Let’s hit the final topic of my Working Effectively with Legacy SQL series. Today, we discuss the topic of modularization. In object-oriented programming, modularization is a great idea. One of the “clean code” tenets is Don’t Repeat Yourself: if you have two pieces of code doing the same work, try to unify that code, isolating that particular functionality in its own part of the code base.
This sounds like a fantastic idea, but it turns out not to work quite as well in SQL Server. There are two reasons for this: first, T-SQL is not an object-oriented language; second, trying to modularize complex queries can confuse the query optimizer and give you terrible execution plans and performance.
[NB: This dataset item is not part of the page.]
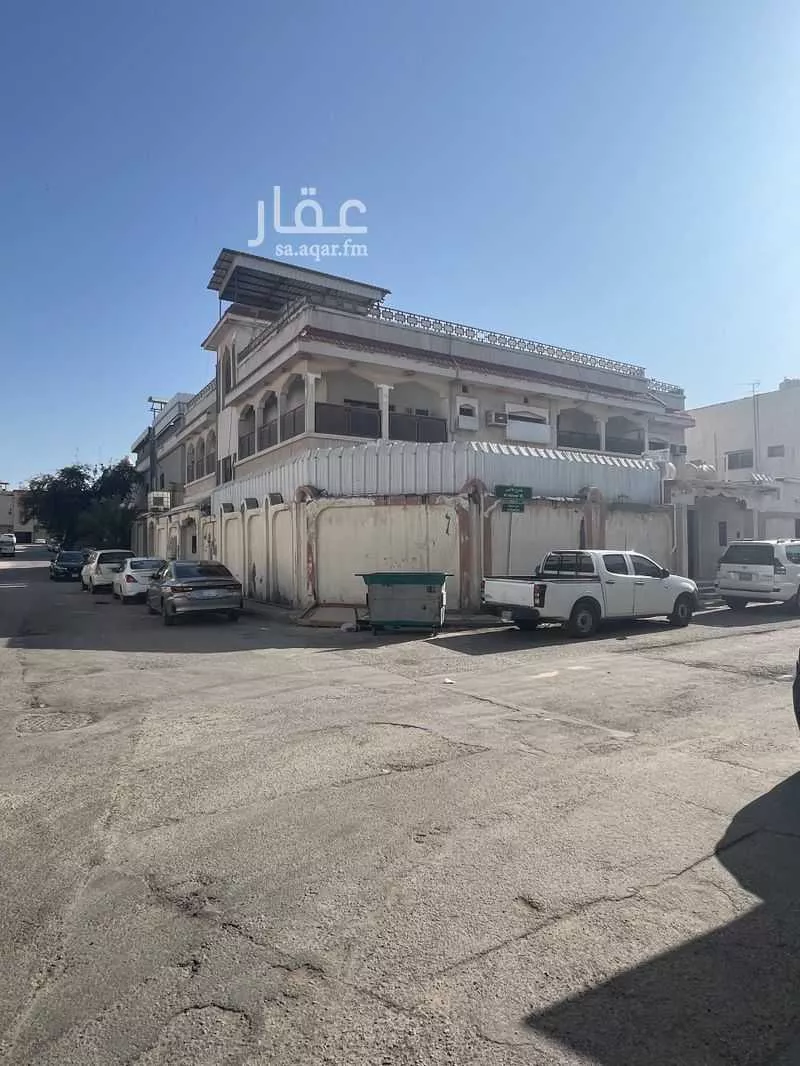 595 sqm building in Al Rawdah 3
I wrote about this topic just about a year ago, so I’ll link to my explanations of why nested views and user-defined functions can be anti-patterns in T-SQL.
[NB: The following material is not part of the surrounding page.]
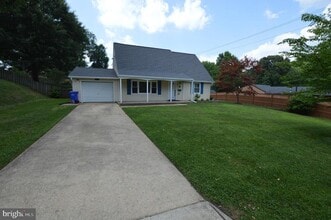 Building Photo - 2712 Bartlett Ln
The gist of these two blog posts is that the most common forms of encapsulating data (views and user-defined functions) can come with a major performance loss, and so you should use them either sparingly or not at all. In the spirit of improving the lives of our maintenance developers, however, let’s think about some ways in which modularization can make sense.
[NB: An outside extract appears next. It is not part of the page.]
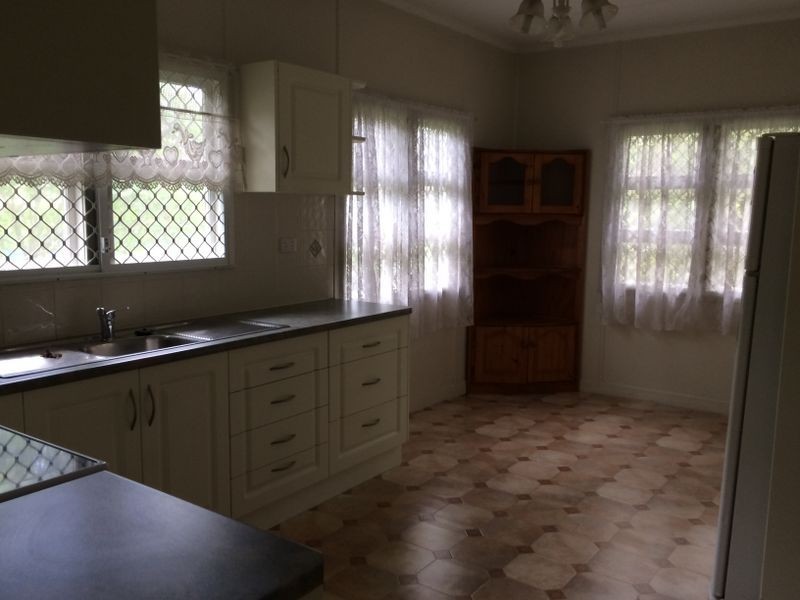 117 Pine Mountain Road, Brassall QLD 4305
The first way in which modularization can make sense is separating commonly-used, independent queries into their own procedures. Last time around, I talked about error and performance logging. I can move those INSERT statements into their own separate utility procedures and simply call them from my main procedures. The reason I would want to do this is that it makes future changes easier. Suppose that I need to insert a record into PerformanceLog today, but a year from now, I’m inserting it into a different table with a different column structure, or I’m firing off a Service Broker message, or maybe I’ve got dynamic logic to determine whether this record should even be inserted into the table. These are changes I don’t want to make in every single stored procedure, so it makes sense to wrap them up in a utility procedure.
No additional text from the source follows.